=== Begin Enclosure ===

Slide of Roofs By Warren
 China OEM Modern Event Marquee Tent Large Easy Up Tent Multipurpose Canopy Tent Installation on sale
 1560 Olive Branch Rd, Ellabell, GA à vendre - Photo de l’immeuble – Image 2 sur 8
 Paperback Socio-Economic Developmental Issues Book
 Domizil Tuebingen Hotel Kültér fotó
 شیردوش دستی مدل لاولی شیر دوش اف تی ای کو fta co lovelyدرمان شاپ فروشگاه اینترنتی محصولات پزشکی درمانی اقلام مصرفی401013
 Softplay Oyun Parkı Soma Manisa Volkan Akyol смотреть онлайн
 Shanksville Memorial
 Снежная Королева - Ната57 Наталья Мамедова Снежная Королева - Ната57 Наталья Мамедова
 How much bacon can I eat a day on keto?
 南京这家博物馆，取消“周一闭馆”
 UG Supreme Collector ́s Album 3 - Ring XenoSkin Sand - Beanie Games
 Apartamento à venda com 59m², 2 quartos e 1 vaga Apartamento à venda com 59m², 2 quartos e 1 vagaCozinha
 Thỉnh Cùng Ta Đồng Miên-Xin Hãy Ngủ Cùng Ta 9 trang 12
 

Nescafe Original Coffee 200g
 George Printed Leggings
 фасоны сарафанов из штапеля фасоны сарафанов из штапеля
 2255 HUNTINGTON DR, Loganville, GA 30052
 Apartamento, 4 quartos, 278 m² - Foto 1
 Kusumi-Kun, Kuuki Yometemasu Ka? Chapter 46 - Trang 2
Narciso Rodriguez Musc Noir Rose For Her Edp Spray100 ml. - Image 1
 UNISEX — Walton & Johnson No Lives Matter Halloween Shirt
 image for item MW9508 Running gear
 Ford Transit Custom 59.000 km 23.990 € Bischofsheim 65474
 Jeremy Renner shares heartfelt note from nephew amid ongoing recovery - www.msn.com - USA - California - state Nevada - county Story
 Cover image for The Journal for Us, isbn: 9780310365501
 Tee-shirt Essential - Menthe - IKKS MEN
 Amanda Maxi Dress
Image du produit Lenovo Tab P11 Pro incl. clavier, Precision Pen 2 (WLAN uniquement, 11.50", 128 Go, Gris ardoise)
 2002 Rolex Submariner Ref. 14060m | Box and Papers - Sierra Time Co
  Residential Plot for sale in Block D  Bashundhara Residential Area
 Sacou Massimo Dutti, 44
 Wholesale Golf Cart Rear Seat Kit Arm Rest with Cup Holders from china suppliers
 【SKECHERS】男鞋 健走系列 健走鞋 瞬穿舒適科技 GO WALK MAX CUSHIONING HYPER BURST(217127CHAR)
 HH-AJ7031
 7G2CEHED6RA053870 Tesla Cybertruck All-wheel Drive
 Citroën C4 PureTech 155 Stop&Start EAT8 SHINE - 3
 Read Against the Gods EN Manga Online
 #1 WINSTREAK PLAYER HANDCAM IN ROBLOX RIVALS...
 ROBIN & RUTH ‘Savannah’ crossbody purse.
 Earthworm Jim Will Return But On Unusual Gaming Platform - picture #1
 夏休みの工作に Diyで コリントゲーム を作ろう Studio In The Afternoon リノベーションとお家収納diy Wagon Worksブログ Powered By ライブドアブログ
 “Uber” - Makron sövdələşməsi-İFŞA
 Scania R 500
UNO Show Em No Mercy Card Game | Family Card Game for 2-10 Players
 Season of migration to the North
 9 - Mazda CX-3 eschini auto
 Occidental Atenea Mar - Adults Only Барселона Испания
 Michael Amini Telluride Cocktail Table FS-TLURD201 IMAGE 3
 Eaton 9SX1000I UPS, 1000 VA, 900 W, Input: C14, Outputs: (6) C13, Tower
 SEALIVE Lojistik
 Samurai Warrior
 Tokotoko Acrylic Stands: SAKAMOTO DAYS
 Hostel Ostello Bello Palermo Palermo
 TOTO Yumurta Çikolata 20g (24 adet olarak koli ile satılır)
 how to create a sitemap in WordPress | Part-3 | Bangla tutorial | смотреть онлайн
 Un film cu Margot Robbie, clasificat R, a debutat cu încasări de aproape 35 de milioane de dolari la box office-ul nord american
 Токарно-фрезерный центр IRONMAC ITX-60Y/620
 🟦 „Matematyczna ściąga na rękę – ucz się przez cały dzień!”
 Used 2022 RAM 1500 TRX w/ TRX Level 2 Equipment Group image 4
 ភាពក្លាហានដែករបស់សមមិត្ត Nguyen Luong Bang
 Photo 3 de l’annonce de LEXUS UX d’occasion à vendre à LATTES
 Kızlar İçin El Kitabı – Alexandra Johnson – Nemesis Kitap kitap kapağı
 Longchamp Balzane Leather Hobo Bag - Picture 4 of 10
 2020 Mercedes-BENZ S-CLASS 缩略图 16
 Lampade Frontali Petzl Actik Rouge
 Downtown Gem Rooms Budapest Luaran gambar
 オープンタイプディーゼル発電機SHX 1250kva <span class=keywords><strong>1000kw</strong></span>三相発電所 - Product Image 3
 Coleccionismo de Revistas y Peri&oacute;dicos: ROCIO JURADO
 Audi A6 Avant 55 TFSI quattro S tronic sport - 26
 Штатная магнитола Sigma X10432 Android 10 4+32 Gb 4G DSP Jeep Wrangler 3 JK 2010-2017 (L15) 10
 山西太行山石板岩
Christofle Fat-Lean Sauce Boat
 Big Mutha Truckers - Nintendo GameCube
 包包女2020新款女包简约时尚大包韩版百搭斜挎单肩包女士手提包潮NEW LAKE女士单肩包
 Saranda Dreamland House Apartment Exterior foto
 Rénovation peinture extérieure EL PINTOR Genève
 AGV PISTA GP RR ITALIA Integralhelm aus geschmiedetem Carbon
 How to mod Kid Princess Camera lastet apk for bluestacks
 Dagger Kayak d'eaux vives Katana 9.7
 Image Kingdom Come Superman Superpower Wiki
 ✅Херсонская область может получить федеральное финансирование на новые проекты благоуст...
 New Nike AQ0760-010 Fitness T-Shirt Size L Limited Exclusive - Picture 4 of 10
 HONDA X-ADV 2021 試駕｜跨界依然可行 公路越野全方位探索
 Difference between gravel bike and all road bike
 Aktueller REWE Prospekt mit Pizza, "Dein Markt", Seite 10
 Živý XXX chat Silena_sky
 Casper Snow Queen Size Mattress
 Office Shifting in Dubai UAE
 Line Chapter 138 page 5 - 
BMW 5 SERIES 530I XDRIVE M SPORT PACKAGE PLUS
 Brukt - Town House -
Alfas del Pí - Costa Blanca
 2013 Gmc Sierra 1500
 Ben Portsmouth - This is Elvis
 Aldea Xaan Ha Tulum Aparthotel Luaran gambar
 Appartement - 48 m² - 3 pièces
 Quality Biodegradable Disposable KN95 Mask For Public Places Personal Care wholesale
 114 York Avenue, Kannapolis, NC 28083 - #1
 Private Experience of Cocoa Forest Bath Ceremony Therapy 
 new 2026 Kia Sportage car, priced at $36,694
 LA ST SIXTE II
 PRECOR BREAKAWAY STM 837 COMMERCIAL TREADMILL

=== End Enclosure ===

● **WHAT TO PRODUCE**: Please, from the entries above, set down exactly the lines from the one containing "#1 WINSTREAK PLAYER" through the one containing "Earthworm Jim Will", and only those.

● **RESULT OF THE TASK**:
 #1 WINSTREAK PLAYER HANDCAM IN ROBLOX RIVALS...
 ROBIN & RUTH ‘Savannah’ crossbody purse.
 Earthworm Jim Will Return But On Unusual Gaming Platform - picture #1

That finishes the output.